File spoon-archives/third-world-women.archive/third-world-women_1998/third-world-women.9811, message 81


From: iview-AT-technologist.com
Date: Tue, 24 Nov 1998 08:50:28 -0800
Subject: Re: Dowry Conference: Feminism/Leftism


Rinita Mazumdar wrote:

> 
> It is my belief that since women's question came to India with the
> rat-race of laissez-faire economics, a distinction between the
> civil/political (public/private) is slowly emerging; and as the latter
> concerns the mainthrust of feminist politics, it seems that in the
> enthusiasm to create a ``civil society'' via rousseau/locke
> what we see is (theoretically) a dialectic of the women question
> within the ``safe space'' of bourgeois a-politicalness.
> 
> Partha is a very old friend and I know how much he has written on this
> subject.
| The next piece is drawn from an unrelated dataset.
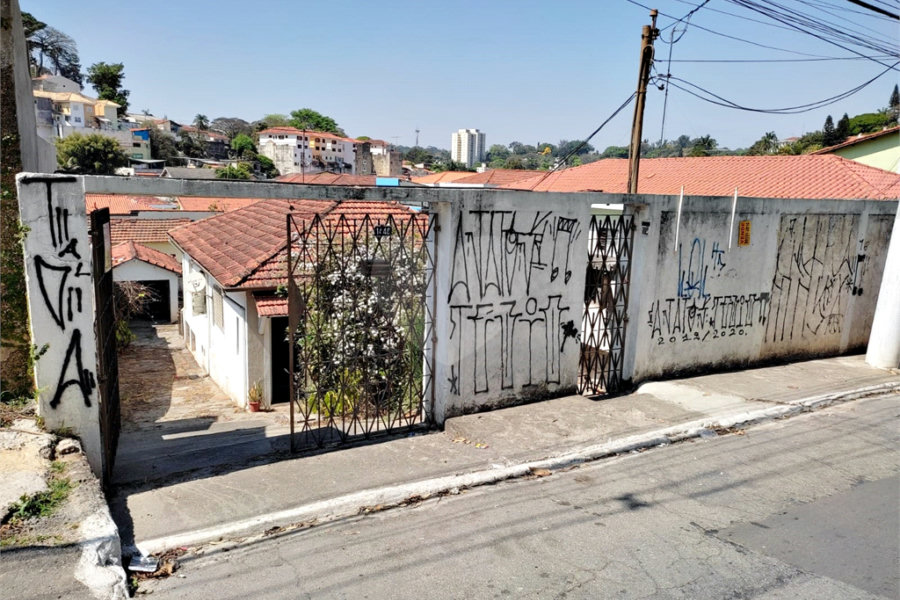 Casa Térrea à venda com 3 quartos em Horto, São Paulo, SP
So his credibility is not questionable, his politics
> is in the terrain of ``civil society''. People like him and
> me now-a-days have no space to speak from.
> 
> No wonder by making women's question ``public'' the right-wingers are
> the only ones giving the subaltern some space to speak from.
> 
> Rinita


I wonder what is more to the point, despite each western philosopher who
seems to have been the source for one form of political power in the
west or another, thus allowing a formulation of western patriarchy -- I
think what is more to the point is wherefrom rose the *Indian*
patriarchy?  The downtrodden, abused, battered, and forgotten women and
children within the Indian context are so not because of western
philosophers and their political offshoots, but because of rank
injustices within the Indian patriarchy.  That *that* patriarchy has
been bowing to the west for captivating self-serving reasons in a
prospering global consumer economy should in no way keep dissenters
silent.

I don't see why you feel you and Partha have no platform from which to
speak.  Do you mean that you are both looking for a "safe" place for
such discourse and dissent?  If you have grounds for saying something, I
think you must say it despite the political powers that wish to prevent
you.  Have your own conference and invite innovators and soothsayers who
damn the patriarchy.  That is the mark of a revolutionary, of course.  
However, there is no safety net for those outside of the patriarchy,
period.  A patriarchal legal system will prosecute to maintain the
status quo.  Western status quo is maintaining Big Business interests at
any cost.  "Women's Question" has no place in it, as any patriarchal
gatekeeper will tell us.  The question is:  Is this justice?